### Exercise brief
Across the entries that follow, how many lines have the word "Royalty" in them? Give only the number.

### Dataset excerpts
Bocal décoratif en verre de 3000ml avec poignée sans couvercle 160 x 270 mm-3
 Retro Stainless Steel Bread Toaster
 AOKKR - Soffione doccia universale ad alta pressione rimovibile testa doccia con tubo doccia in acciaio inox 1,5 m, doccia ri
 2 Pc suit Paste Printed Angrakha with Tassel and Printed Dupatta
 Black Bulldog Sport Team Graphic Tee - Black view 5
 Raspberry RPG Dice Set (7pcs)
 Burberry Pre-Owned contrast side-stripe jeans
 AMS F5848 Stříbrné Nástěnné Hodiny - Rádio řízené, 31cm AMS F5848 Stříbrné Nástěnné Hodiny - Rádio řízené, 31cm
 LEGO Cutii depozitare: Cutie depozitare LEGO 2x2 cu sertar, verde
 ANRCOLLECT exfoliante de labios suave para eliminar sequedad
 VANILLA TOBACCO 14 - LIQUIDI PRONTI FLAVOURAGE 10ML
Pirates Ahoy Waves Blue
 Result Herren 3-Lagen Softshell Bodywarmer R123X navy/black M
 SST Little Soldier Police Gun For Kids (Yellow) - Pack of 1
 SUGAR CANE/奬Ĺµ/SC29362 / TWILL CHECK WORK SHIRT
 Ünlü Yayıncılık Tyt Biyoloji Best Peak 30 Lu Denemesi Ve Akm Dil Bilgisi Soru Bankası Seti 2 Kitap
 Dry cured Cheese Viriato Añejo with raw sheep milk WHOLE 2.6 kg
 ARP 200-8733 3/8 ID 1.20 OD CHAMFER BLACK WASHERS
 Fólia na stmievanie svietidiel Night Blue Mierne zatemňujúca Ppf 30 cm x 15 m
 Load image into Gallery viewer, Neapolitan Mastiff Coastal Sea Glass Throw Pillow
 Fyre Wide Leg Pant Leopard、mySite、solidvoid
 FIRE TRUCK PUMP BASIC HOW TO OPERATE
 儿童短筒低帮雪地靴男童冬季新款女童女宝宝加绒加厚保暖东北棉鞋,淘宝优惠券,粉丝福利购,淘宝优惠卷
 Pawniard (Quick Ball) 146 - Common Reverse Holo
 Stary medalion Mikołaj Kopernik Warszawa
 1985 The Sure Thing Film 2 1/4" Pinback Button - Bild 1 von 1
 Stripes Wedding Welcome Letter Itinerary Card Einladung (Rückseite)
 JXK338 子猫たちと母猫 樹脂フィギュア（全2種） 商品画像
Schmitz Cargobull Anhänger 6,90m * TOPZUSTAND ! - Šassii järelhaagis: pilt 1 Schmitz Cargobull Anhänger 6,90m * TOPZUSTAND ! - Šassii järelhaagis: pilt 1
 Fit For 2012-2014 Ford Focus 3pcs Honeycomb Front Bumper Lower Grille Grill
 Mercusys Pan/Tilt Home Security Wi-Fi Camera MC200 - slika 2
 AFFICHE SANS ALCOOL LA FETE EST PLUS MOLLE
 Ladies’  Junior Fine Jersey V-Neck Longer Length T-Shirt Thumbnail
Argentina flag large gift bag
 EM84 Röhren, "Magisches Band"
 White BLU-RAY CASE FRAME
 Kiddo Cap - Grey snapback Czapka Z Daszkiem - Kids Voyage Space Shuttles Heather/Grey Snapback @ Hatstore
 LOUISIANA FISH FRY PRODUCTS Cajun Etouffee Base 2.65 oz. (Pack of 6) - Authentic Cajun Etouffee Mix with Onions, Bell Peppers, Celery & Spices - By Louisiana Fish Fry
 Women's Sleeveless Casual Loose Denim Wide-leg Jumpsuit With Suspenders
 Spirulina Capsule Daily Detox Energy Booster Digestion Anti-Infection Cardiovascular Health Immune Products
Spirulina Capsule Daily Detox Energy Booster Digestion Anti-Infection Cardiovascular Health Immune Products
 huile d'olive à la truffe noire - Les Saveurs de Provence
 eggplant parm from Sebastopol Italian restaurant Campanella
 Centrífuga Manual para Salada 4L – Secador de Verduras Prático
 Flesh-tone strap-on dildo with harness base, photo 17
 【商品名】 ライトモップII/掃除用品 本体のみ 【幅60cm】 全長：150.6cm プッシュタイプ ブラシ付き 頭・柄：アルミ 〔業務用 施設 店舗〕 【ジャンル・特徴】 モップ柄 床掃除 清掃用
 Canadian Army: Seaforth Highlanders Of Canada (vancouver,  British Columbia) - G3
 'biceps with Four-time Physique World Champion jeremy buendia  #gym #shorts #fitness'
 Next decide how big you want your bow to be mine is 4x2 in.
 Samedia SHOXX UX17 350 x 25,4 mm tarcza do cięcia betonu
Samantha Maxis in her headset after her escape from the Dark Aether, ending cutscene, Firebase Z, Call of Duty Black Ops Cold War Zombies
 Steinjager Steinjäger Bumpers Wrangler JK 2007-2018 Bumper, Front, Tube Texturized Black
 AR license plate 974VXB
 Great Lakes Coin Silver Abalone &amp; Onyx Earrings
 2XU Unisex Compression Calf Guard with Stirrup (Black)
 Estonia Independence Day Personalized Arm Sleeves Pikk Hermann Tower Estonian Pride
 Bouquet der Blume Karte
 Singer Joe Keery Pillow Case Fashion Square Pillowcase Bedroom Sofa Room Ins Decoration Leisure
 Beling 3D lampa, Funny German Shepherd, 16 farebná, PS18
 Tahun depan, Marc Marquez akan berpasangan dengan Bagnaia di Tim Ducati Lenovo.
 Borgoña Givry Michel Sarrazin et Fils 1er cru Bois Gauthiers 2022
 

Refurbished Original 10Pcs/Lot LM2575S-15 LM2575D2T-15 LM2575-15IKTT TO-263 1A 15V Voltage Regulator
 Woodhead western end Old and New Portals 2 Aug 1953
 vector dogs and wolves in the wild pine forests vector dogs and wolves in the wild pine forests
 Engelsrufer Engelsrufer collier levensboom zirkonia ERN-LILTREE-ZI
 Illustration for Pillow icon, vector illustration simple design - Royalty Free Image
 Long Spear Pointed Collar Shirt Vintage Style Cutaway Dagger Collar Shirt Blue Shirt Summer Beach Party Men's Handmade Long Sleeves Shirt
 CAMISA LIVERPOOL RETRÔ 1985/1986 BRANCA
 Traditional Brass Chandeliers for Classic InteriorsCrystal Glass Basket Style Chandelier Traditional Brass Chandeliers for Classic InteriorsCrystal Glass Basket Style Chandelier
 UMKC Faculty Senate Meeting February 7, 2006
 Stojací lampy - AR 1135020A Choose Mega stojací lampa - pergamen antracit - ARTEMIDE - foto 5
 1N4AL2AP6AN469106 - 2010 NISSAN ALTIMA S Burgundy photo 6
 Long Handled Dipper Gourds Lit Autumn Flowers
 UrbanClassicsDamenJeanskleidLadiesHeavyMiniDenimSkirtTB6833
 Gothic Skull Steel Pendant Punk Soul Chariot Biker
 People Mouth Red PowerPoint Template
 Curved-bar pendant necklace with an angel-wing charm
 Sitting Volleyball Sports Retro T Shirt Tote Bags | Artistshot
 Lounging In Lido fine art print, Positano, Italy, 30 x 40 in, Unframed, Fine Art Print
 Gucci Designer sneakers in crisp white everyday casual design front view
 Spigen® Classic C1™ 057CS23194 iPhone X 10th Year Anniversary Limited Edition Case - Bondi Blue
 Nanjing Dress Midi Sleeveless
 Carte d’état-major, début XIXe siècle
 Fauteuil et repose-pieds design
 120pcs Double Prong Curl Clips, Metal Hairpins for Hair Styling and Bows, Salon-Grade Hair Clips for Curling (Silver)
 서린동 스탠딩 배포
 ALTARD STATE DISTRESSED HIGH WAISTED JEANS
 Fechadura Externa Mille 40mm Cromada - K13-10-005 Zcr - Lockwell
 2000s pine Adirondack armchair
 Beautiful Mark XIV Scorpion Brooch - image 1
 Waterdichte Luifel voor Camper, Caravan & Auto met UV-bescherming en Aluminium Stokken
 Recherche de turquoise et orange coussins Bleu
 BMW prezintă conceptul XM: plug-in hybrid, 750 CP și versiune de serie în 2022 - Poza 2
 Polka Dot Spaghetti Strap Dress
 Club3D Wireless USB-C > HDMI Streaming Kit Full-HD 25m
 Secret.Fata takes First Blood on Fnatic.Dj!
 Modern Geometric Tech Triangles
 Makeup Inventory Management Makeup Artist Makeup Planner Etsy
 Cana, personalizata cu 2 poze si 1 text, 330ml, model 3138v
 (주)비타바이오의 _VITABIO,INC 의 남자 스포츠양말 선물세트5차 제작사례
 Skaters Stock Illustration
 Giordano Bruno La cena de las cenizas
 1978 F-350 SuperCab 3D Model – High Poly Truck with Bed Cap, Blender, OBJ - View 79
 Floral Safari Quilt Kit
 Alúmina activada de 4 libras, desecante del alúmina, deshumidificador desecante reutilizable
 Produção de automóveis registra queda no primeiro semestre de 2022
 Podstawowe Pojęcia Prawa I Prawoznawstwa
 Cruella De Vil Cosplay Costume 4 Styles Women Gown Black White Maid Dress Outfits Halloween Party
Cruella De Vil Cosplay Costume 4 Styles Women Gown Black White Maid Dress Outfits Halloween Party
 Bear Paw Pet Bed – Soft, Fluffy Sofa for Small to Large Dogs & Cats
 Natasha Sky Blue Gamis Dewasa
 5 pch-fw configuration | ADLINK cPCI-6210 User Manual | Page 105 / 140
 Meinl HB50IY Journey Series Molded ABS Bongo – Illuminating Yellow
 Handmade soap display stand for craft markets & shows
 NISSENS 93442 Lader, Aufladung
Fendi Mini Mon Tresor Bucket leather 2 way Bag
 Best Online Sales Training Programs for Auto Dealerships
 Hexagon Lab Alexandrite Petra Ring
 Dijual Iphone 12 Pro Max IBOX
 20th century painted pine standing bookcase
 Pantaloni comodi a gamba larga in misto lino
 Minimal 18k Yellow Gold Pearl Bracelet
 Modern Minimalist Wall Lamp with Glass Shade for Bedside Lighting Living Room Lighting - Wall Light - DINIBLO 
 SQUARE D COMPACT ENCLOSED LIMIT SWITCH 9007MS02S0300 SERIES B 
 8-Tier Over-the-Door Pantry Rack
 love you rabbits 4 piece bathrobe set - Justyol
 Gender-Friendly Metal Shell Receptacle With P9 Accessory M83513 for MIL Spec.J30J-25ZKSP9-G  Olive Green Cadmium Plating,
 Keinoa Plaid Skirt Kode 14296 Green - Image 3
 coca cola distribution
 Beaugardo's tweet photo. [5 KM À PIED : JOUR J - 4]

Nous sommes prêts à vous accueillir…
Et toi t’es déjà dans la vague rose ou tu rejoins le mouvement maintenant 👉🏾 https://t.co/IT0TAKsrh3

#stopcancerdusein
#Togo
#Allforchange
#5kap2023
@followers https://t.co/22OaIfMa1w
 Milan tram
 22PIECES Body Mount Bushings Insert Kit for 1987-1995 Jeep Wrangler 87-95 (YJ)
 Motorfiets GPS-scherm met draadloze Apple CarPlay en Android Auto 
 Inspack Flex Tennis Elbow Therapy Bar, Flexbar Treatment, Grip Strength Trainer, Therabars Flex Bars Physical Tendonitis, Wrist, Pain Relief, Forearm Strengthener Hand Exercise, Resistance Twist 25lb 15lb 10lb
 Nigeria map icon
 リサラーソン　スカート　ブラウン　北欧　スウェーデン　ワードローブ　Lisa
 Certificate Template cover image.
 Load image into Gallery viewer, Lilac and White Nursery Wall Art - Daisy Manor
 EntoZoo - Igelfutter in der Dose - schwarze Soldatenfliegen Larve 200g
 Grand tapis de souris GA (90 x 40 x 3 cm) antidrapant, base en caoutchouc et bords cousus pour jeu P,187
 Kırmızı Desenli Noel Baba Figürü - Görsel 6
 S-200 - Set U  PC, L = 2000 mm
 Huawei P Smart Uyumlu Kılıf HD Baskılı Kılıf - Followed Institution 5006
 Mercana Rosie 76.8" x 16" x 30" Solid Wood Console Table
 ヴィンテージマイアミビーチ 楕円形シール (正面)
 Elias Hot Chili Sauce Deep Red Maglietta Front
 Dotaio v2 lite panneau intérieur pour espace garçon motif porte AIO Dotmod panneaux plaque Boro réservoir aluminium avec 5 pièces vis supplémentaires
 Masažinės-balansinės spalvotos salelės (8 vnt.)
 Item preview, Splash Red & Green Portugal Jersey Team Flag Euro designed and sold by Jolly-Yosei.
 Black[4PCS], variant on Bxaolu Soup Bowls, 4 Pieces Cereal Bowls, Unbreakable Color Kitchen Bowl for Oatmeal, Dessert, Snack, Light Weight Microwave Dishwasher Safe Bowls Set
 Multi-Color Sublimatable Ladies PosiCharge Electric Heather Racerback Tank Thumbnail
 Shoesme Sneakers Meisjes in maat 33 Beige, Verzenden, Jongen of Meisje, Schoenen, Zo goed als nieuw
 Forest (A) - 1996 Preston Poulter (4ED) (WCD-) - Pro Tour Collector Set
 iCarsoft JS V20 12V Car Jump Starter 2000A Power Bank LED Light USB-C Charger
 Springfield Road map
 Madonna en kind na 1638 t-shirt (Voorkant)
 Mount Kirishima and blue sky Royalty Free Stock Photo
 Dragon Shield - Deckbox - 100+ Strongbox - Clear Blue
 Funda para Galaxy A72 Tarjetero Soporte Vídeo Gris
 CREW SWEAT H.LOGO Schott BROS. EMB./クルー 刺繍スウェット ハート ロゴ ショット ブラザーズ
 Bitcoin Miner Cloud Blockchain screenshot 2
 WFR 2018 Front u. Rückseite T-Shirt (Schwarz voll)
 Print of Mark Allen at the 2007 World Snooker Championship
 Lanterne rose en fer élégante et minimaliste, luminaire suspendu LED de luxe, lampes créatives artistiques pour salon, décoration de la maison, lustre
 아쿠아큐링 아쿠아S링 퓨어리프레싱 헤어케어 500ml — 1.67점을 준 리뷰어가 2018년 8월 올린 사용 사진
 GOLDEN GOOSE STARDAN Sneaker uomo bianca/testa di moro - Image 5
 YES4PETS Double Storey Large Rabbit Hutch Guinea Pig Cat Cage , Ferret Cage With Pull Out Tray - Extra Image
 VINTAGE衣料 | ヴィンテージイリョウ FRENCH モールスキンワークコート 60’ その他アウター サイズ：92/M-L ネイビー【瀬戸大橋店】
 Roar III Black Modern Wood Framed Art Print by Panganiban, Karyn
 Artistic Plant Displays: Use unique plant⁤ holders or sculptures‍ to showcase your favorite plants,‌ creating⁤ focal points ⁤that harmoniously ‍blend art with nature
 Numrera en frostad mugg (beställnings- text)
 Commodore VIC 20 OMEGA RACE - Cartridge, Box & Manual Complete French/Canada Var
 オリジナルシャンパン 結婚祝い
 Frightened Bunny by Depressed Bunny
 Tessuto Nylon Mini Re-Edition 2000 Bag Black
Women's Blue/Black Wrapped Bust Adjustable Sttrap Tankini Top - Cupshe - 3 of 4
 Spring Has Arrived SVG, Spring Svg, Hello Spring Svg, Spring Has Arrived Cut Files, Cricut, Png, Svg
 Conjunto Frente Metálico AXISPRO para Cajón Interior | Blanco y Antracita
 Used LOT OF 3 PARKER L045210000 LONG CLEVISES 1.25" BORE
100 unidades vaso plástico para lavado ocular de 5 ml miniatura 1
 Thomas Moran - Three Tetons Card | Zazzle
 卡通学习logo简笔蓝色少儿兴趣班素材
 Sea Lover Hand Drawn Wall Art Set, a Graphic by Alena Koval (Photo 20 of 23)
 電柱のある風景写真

### Solved problem
2